It used to be called the “Summary of Care” but now we know it as “Health Information Exchange”. It is perhaps the most misunderstood of the Meaningful Use (MU) measures for everyone from solo docs to large health systems. I get emails everyday asking questions. Are there are any exclusions? Can I fax the information? Can I push the information to a HIE? Let’s break it down, one step at a time.
Overview: Here is what CMS tell us: “The EP, eligible hospital or CAH who transitions their patient to another setting of care or provider of care, or refers their patient to another provider of care, provides a summary care record for each transition of care or referral”

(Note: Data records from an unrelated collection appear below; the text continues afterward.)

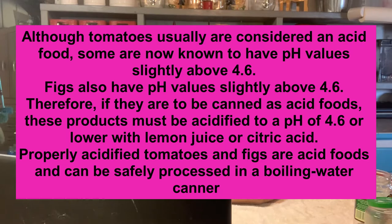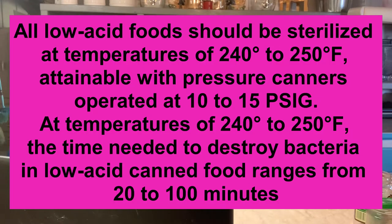If tomatoes and figs are to be canned as acid foods, they must be acidified to a pH of 4.6 or lower with lemon juice or citric acid. Properly acidified tomatoes and figs are acid foods and can be safely processed in a boiling water bath. The other exception is white peaches — they also have a pH slightly above 4.6 and cannot be water bath canned.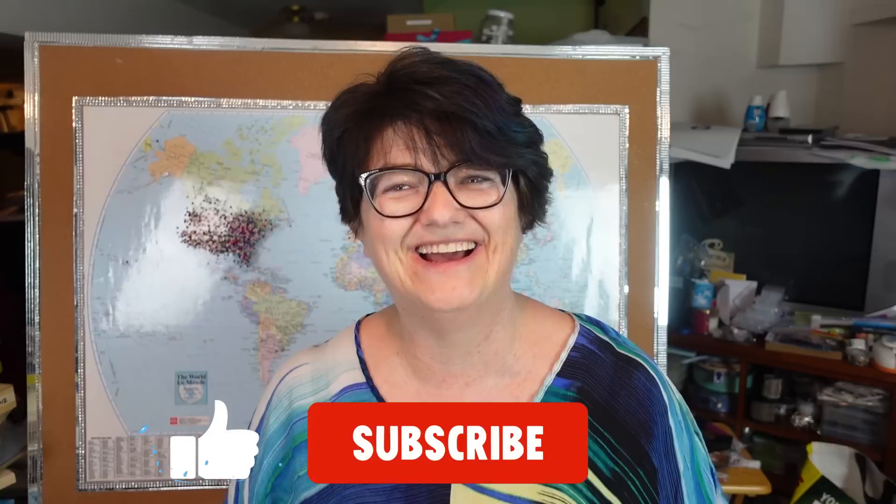Hello my beautiful people, it is Sheri Moulton back with another video. Hope you are having an amazing day. I want to welcome you if you're new to my crazy crafting journey — think about subscribing if you can. And I want to welcome back my OGs, thank you for sticking with me through all this craziness. I have fun doing it, so that's the main thing, right?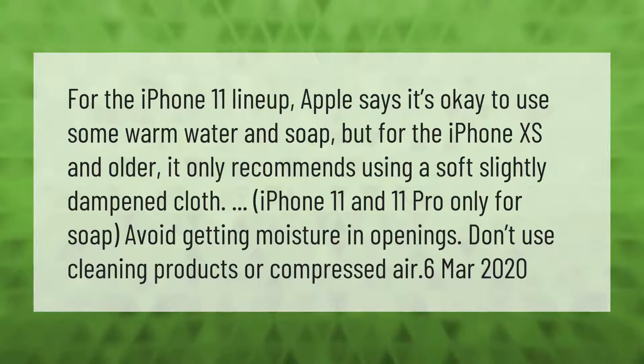Avoid getting moisture in openings. Don't use cleaning products or compressed air.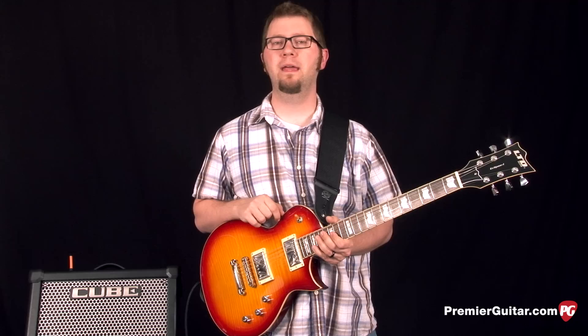Hey everyone, Jason Shadrick here with PremiereGuitar.com and today we're going to take an exclusive first look at Roland's new Cube80 GX amplifier. So let's check it out.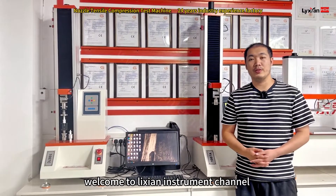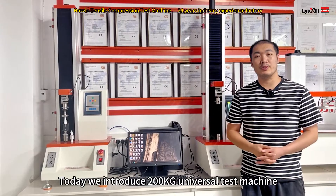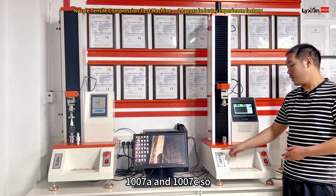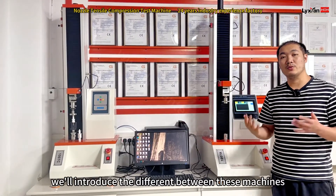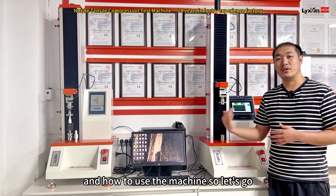Hello everyone, welcome to NiiChain Instruments channel. Today we introduce the 200KG RAM universal testing machine. It's the computer type and the touchscreen type, models 1W07A and 1W07C. We'll introduce the differences between these two machines and how to use them.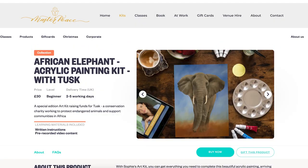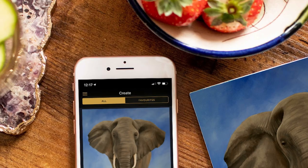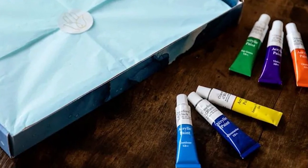If you don't already know, Masterpiece create at-home beginner-friendly painting kits. Each kit contains everything that you need to paint your own African Elephant painting, including high quality paints, a canvas board, brushes, and a Masterclass tutorial with yours truly.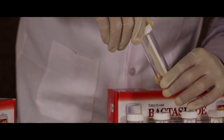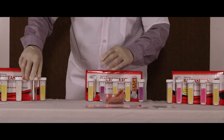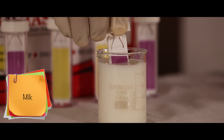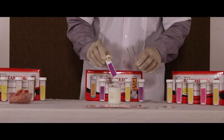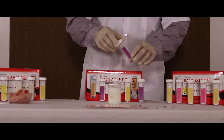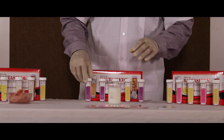Allow it to incubate for 18 to 24 hours at room temperature. For milk, open the slide and dip it in the sample for 30 seconds. Gently shake off the excess and screw the slide back in the tube. Allow it to incubate for 18 to 24 hours at room temperature.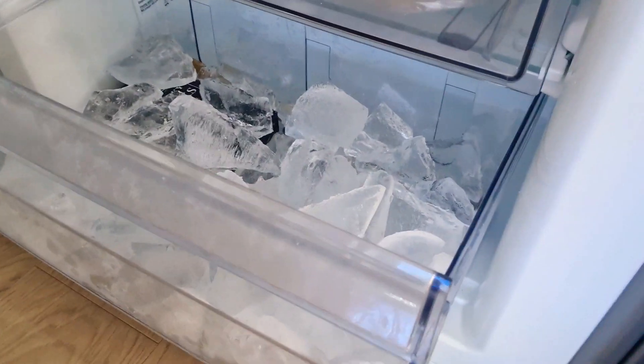not those rubbish little ice cubes that you normally have. Take a look at those — big, nice chunky chunks of ice. Just proper chunks of ice rather than boring little moulded bits of ice. And it's so easy.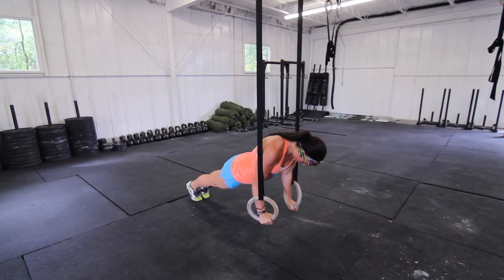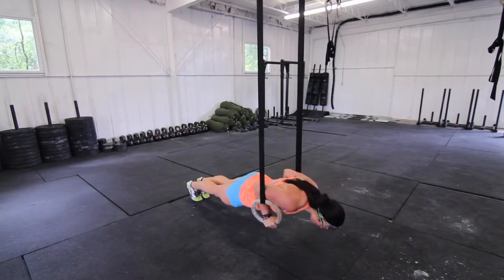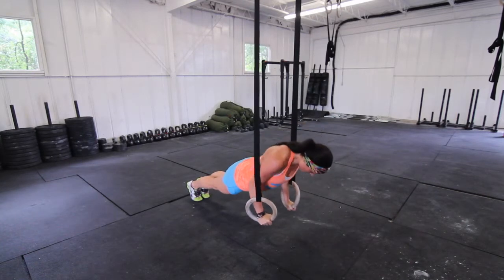The athlete will then take their shoulders below the crease of their elbow and return to a fully locked out position with elbows straight at the top.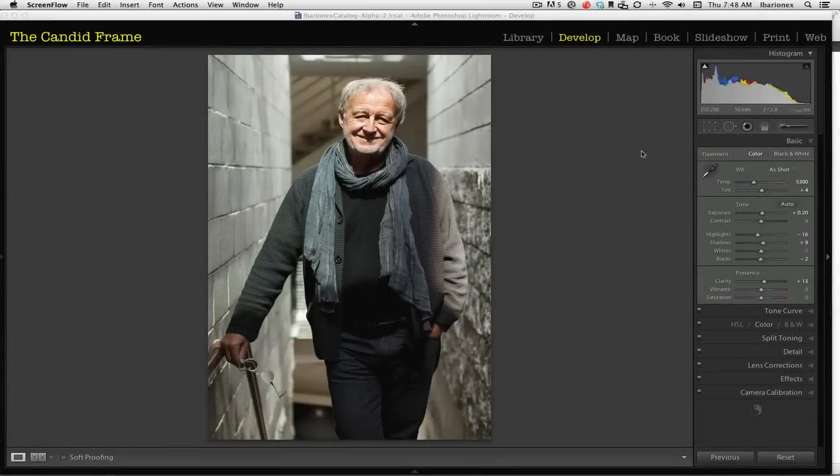Hi, this is the BarionX from the Candid Frame. This is a photograph that I took of National Geographic photographer Gerd Ludwig. I interviewed him for the show last year and I made this photograph of him at his studio. He's an amazing photographer who's been doing a long-term project on Chernobyl, the nuclear reactor in Russia that experienced a meltdown quite a bit ago, but whose impact is still continuing to this day. He has a great e-book about his work there that I definitely think you should check out, but if you haven't had the opportunity to listen to the interview, I really recommend that you do.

The Measure: “The EP, eligible hospital or CAH that transitions or refers their patient to another setting of care or provider of care must— (1) Use certified EHR technology (CEHRT) to create a summary of care record; and (2) Electronically transmit such summary to a receiving provider for more than 10 percent of transitions of care and referrals.”
The Document: The format of the document is the technical standard required for CEHRT (Certified Electronic Health Record Technology) functionality to create summary of care documents. That standard is the C-CDA (Consolidated Clinical Document Architecture).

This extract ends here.